Focusing on the road ahead for Ukraine, the American envoy repeatedly returned to one theme: the next chapter for Ukraine will be economic. Foreign and domestic investment will be key to providing the jobs and development needed for Ukraine to succeed as a nation.  


In three parts, the Ukraine Business Journal is posting edited and highlighted excerpts.  




IT is now the 3rd largest component of GDP. Ukraine is one of the biggest IT countries in Europe now, with tremendous capacity. The challenge in the IT space is to continue to build the rule of law, the investment environment, so that Ukrainian technology entrepreneurs aren’t just focused on creating a good product, and then going public and moving to Silicon Valley as fast as possible. But to continue to develop here in Ukraine.  


The interesting thing about IT in Ukraine is it’s geographically dispersed. There’s the Odesa IT story. There’s the Kharkiv IT story. There’s the Lviv IT story. There’s the Dnipro IT story.

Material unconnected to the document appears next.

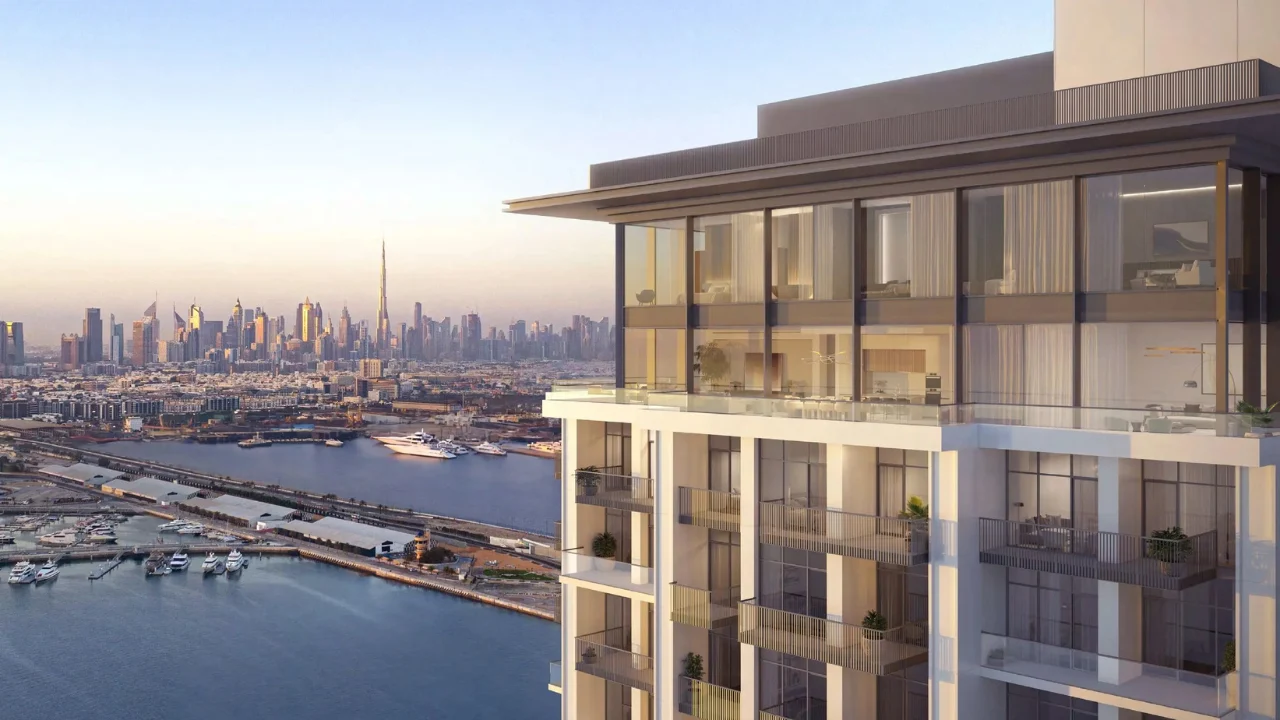ANWA Aria by OMNIYAT penthouse level residence overlooking Dubai skyline waterfront marina and contemporary architecture in Dubai Presented by Tohid Fetrat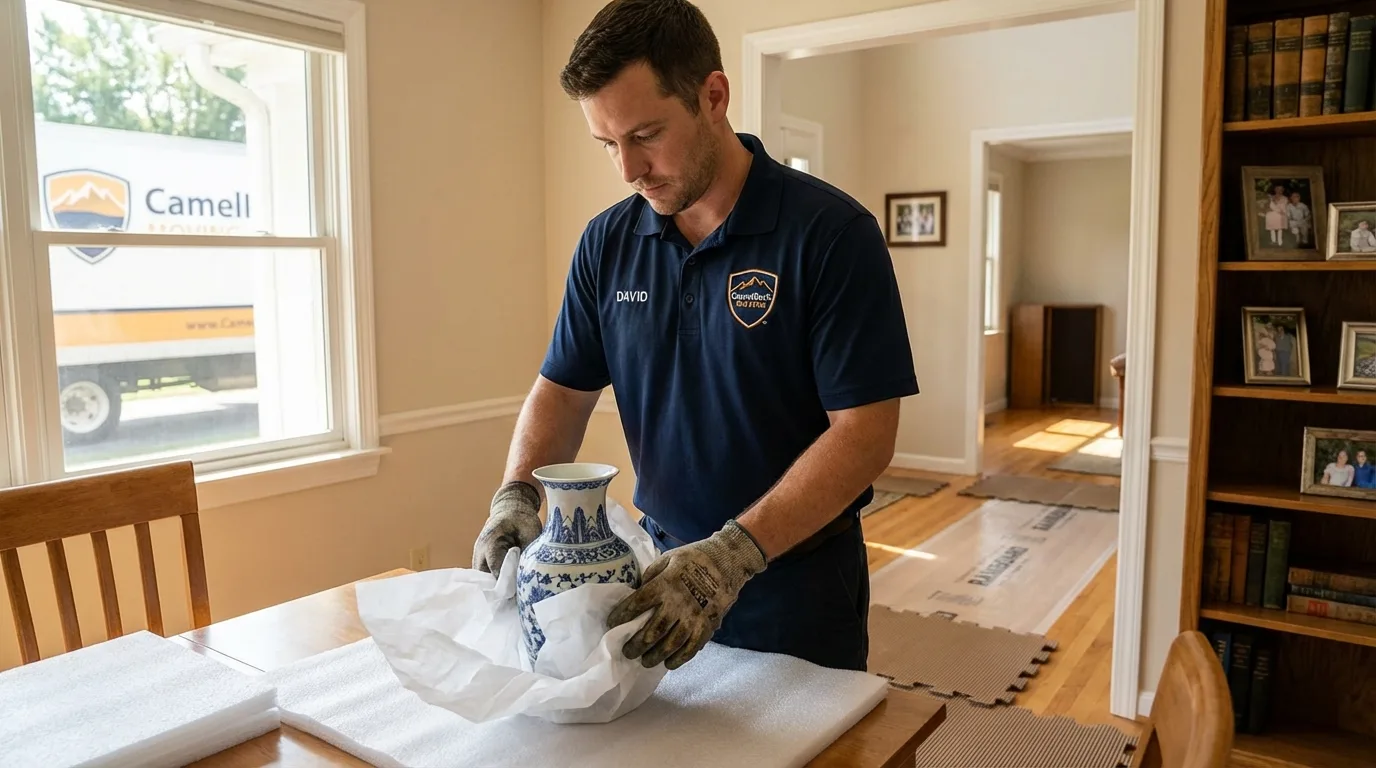 Professional crew carefully wrapping antique vase for senior downsizing move in Caruthersville, MO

The energy sector will continue to be an important one for American companies. Let’s not forget that in the Soviet Union, Ukraine was their Texas. It was the oil patch of the Soviet Union and the major source of oil and gas in the Soviet Union, until the Siberian fields came online in the 1970s and 1980s. In fact most of the development work in Siberia was done by Ukrainians, which is why you find Ukrainian gas and oil engineers today in Houston and across the United States, who got their training at the Ivano-Frankivsk Oil and Gas university. But it’s a sector that has been underinvested for 25 years of independence, largely because of poor policy framework. When I arrived, Ukraine was spending about 7%of GDP on the energy sector subsidies.  

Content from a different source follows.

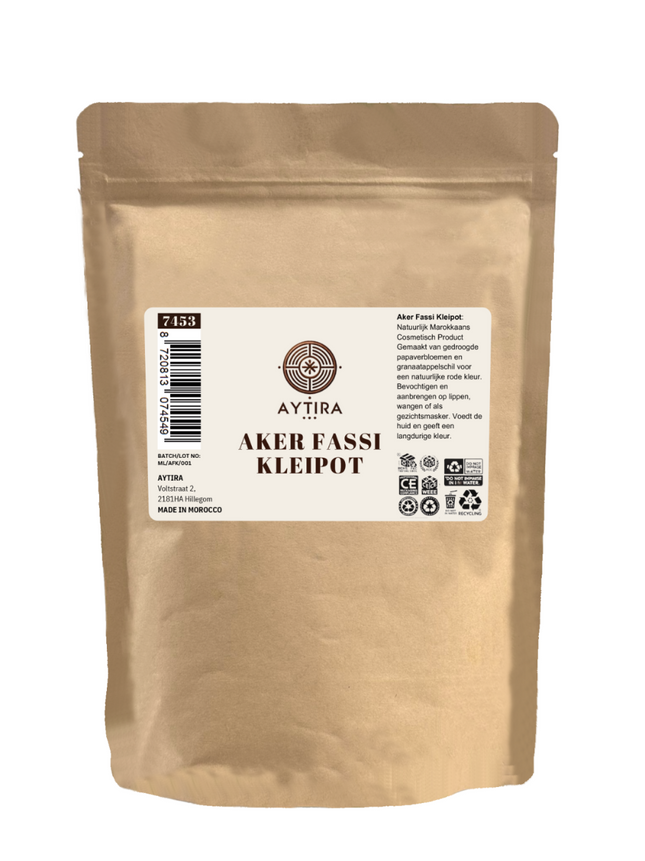Aytira Aker Fassi Kleipot – 100% Natuurlijke Marokkaanse Lippen- & Gezichtskleuring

Prime Minister Groysman took a brave and important move in going to a full cost recovery model for energy, which created the incentives for Ukrainian companies to use energy more efficiently, removed the opportunities for corruption driven arbitrage that sucked out a lot of the entrepreneurial effort in this sector, and most importantly creates an incentive to produce and develop upstream opportunities here in Ukraine – suddenly it’s become economically attractive to be an oil and gas developer on Ukrainian soil so you’re starting to see international investment interest. I ran into a group from (Norway’s) Statoil just a couple weeks ago at the airport that was heading out to Western Ukraine. You’ve got real opportunities here and I think this is going to be a growth sector.   

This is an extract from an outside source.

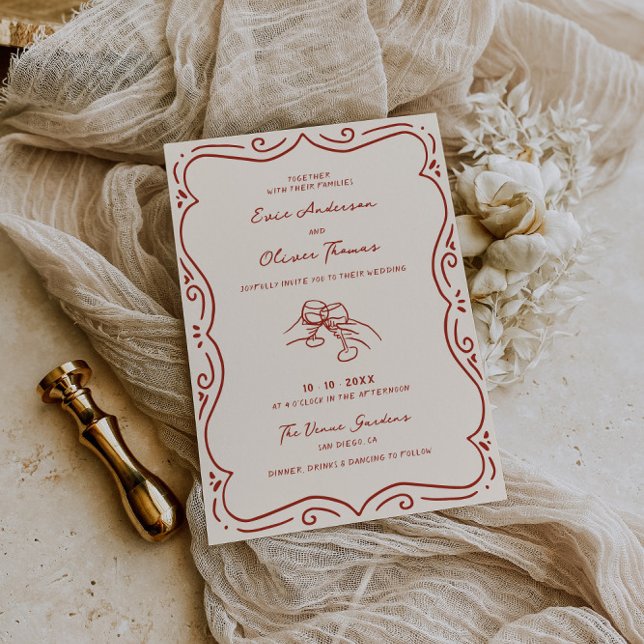 Hand Drawn Terracotta Frame Wedding Invitation (Creator Uploaded)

There is also the energy efficiency space. This is still one of the most energy inefficient industrial economies in the world, the most energy inefficient economy in all of Europe. Which means that all of the productivity gains we enjoyed in the United States in the 2000s are waiting to be had here through more efficient heating, more efficient compressors, more efficient water boiler, better insulation, majoring all of these steps – smart grids – all of these things I think are going to be part of the energy story in Ukraine over the next couple of years as well.  


Ukraine still has a major commodity industry. The fate of Ukrainian steel, of Ukrainian iron ore is going to depend on what happens to global commodity prices. But this is a place where there are huge opportunities for value addition driven by what is today a very, very attractively priced labor market.  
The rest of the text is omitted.